If.......but he didn't.

Mick
January 28, 2024

Years ago I bought NST for 0.06 and sold all the way up to 1.80. Taxman loved the CGT. Today it’s above 12.00. Never feel bitter when you’ve made a good profit.

Disgruntled
January 26, 2024

Investing in the Lithium market has assured me of a comfortable retirement.

I sold 1/2 my PLS shares for $4.95 sometime ago.

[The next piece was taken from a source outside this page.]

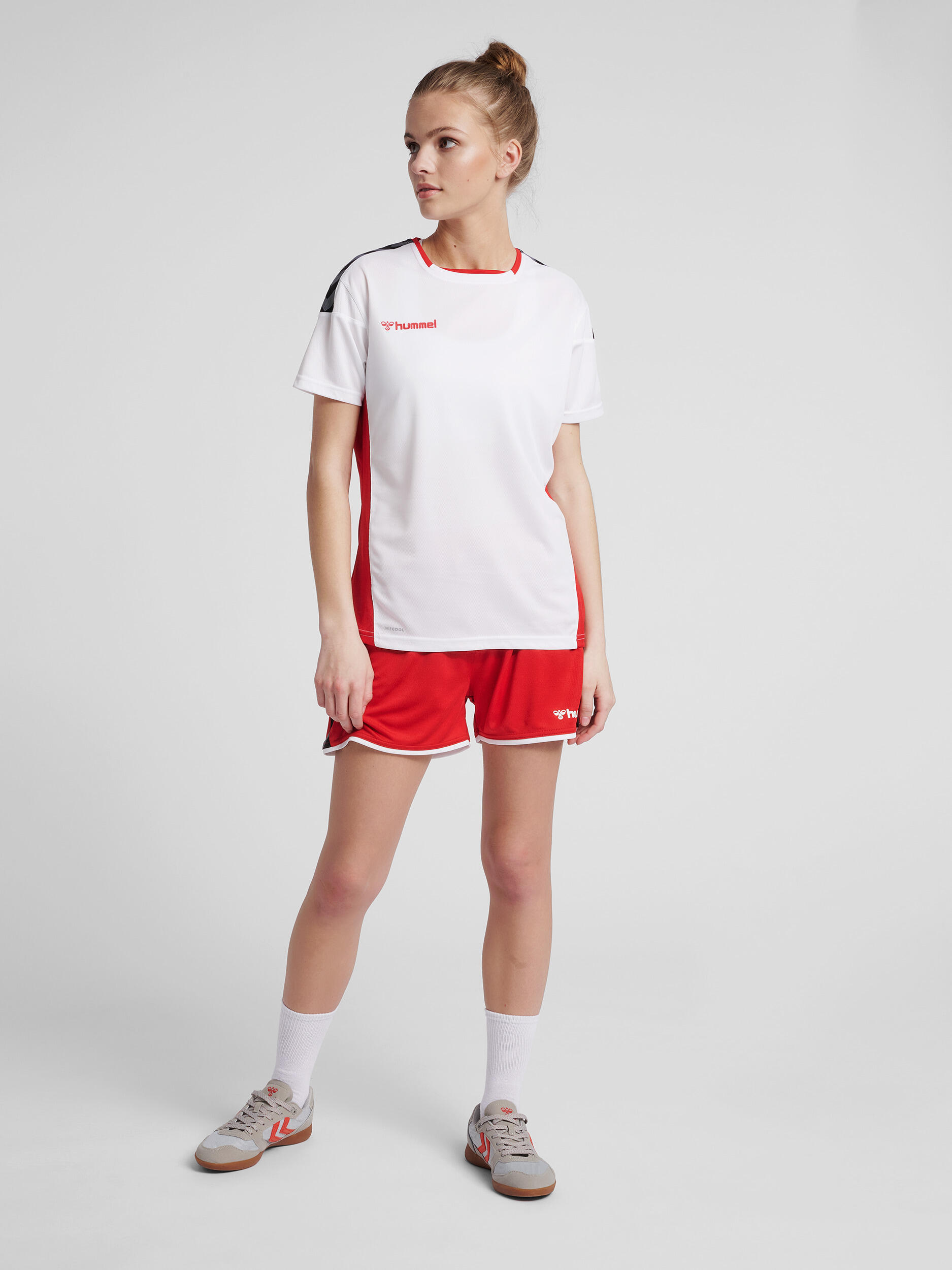 Jersey Hummel femme hmlAUTHENTIC Poly HML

I'm into Bio stocks this year.

Max Z
January 26, 2024

Supply and Demand determines the prices of all Commodities - It has always being like that in the past and will continue in the future. Resource Companies are cyclical and Investors who ignore that fact always get burnt.

Joseph Ranil Madawala
January 25, 2024

A very well written article that was very easy to understand including the lessons/cautions provided.

Sparky
January 25, 2024

And there is possibility for substitution ahead sodium batteries?

Keith
January 26, 2024

Reminds me of the. Boom in the late sixties of Posiden always the topic of the markets for a while, then bang.

Peter C
January 27, 2024

Over $200 a share in 1970 . Australia’s first stock to pass $100 a share. They made. a movie about those times called “the nickel queen.”